3. Avoid Suspicious Emails
This is THE most common way for cyber-thieves to get your information! Period. Hands down! So, when in doubt trust your gut. If it looks “fishy” – it probably is! If you don’t recognize the sender’s name or the domain that the sender is using do not click open it. And, by all means do not click on any attachments if they seem weird. One recent scam includes fake “invoices” from seemingly reputable vendors like your utility company or some other business with “unpaid or updated invoices” attached. When the recipient clicks on the invoice everything on the computer gets stolen or encrypted! So, when sorting through your inbox, treat any suspicious emails containing links as you would the plague.
4. Safeguard your Passwords and Other Data especially on Social Media
Change your passwords frequently and use double authentication as a means for added protection. Make your password work for you. Creating complex or special passwords that only you could think of is one of your best shields against cyber-criminals. And, if you’ve been hacked in the past, it would be wise to consider investing in personal data protection software that sends in-time alerts to your email or phone.

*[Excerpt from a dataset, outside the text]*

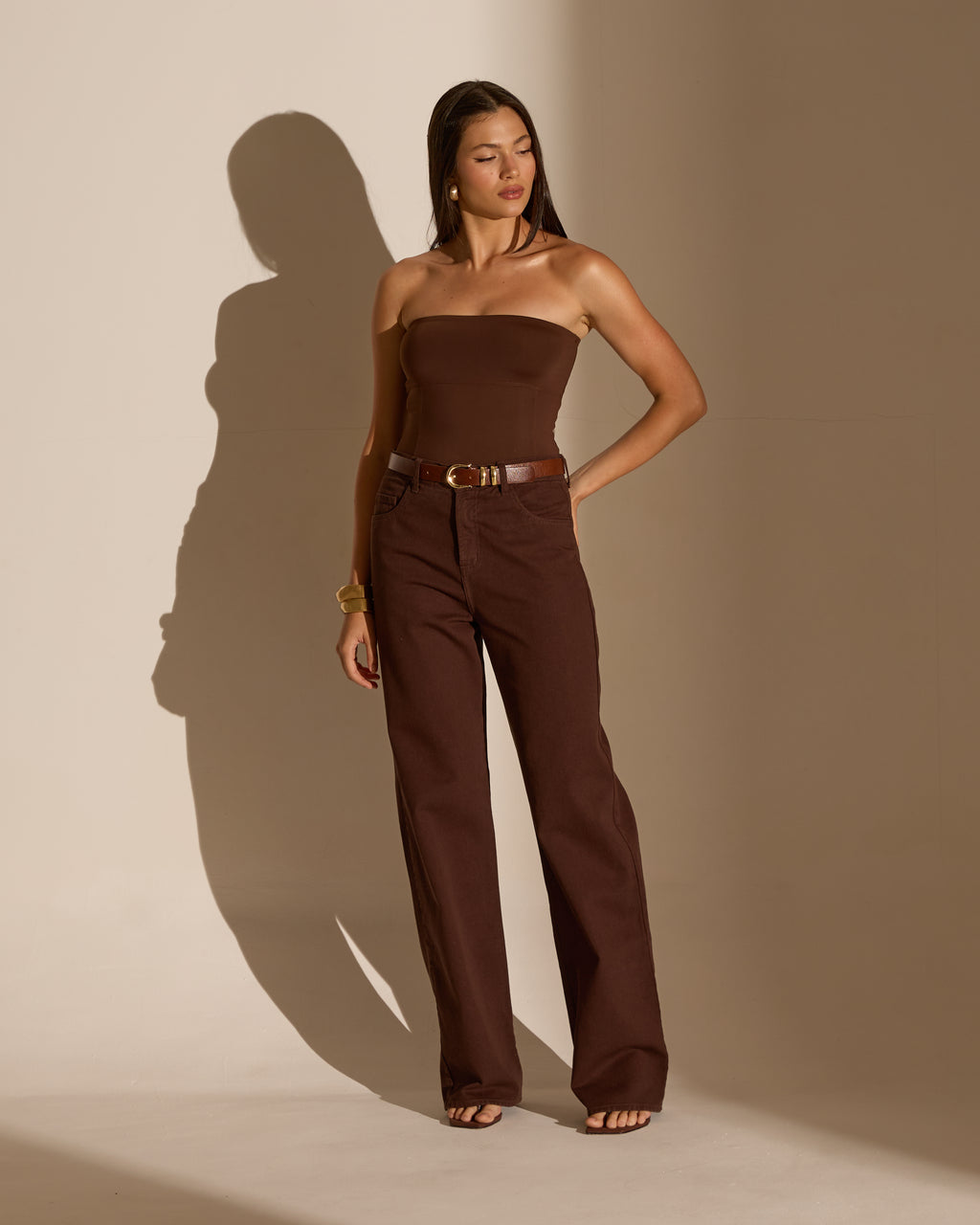 CORSET LARY - POLIAMIDA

About social media, between 2017-2018, there was a 23% increase in data taken from online social media profiles and posts, including phone numbers, birthdays, hometowns, school mascots, and other personal information. Limit the information you share and items you post.
5. Personal Data Protection Technology
If you own a business, and have numerous online accounts (marketing, banking, communication, supply ordering) statistically, you are opening more windows for thieves to enter through. Change you your passwords often! Additionally, small businesses have evolving duties to protect customer information through cybersecurity measures. We strongly recommend having a thorough check-up by a reputable security company to determine weaknesses and strengths.
If you think your identity has been stolen and used for tax fraud, please don’t hesitate to act quickly. Getting in front of the scammer is critical, and the IRS will not be lenient. You’re going to have to prove who you are and that you’ve been scammed to convince the IRS to make changes to your tax bill.